SANTA BARBARA, Calif. - The upbeat reaction about the hastily created downtown Santa Barbara promenade is part of the reason it will be around for at least the mid part of 2021, and likely beyond.
The design has fallen under a set of guidelines that have been evolving.
The idea came as a response to the economic crash when the COVID-19 pandemic hit. But the promenade never went through the intense scrutiny for which Santa Barbara is known.
The city has been lenient and supportive at the same time when it comes to parklets, patios, lightings, landscaping, structural designs, colors and use of space. Restaurants have mainly been the users.
Retail has chosen to stay within existing walls, and not go out in the streets except in a few locations where some racks might be along the sidewalk. Recently some retail owners have also participated in the street marketplace which is on the calendar on Thursday nights until December 17.

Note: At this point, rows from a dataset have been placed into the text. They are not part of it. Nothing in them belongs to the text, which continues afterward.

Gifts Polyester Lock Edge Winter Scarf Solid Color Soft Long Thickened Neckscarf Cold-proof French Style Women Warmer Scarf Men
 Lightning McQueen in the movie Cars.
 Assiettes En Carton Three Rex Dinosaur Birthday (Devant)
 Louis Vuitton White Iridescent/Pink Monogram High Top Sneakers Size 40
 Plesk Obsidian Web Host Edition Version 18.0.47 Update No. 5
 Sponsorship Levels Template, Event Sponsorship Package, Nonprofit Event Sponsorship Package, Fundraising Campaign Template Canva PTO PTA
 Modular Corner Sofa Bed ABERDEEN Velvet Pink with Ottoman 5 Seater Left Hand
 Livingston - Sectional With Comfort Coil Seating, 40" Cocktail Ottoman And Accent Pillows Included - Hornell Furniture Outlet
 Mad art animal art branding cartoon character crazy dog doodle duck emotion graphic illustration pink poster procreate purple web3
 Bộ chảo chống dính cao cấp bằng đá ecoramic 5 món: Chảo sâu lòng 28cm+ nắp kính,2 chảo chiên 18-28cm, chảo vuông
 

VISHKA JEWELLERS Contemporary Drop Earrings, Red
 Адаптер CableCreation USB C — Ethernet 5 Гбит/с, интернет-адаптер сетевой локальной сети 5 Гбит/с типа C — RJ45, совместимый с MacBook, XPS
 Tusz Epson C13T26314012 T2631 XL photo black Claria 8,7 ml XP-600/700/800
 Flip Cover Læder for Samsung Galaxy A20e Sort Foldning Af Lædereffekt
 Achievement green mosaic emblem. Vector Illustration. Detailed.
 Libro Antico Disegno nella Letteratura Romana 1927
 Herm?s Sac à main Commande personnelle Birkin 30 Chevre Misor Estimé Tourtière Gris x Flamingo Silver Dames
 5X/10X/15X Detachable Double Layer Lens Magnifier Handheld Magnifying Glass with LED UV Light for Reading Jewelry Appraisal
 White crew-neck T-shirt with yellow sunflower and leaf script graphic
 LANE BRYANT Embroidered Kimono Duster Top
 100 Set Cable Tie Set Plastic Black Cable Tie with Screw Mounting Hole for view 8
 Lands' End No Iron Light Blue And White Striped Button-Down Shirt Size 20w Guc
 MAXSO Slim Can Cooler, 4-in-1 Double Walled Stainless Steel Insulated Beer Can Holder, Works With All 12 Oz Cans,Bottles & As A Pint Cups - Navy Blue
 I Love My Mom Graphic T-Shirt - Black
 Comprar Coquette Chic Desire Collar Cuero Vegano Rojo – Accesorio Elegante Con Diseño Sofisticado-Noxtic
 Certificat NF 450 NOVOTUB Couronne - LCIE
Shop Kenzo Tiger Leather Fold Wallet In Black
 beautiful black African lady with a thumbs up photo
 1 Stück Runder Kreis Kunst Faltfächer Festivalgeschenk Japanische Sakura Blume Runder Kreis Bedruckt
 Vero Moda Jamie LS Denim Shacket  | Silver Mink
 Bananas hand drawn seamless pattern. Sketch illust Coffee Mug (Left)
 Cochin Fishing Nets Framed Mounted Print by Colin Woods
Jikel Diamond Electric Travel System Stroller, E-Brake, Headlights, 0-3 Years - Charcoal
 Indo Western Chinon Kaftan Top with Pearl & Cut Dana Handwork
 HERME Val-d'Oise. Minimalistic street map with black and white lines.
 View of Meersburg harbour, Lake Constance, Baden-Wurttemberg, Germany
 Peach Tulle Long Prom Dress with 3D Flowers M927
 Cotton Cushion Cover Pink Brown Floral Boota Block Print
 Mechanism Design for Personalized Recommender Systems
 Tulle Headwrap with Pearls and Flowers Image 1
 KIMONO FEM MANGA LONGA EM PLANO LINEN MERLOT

The city began allowing the outside dining area, and other features of the promenade in May. The next 'checkpoint' on how it is working out is later this month. It will be evaluated again in March.
Longer ranging block-by-block designs are also under review. They are featured in a presentation posted on the corner of State Street at Canon Perdido. It is a collaborative effort with the American Institute of Architects (AIA).
Santa Barbara Downtown Organization Director Robin Elander says, "there's a lot of good collaboration and people are pushing the envelope in terms of what's possible."
The emergency ordinance has given businesses a chance to try concepts in a real-life experience. Normally presentations would come in with examples and data from other cities.
Elander said, "the emergency allowed for some possibilities. A different way of seeing some things so it can be tested out and see the benefit that we found with outdoor dining."
In the next month the public is going to be asked for comments on the promenade future, to look at ideas such as new housing, shopping and entertainment combinations and get their suggestions to decision makers.
Ultimately Elander says it would help, "to build a visioning statement as to what the future of downtown can look like. They are developing a survey that the community can tell us what is important to see."
For now, Elander says if you want to help local businesses get through the pandemic one idea is, "buying gift cards now that last you a maybe few months."
For those who are shopping, she says, "you can purchase things on line or pick them up in person so it is a really great way to stay safe if you want to and shop from home," said Elander.
Tuesday the holiday tree will be lifted into place on State and Victoria streets. It will be covered in white lights and lit up this week.
The annual holiday parade will not be taking place this year. It would have been held Friday night and draw thousands of people.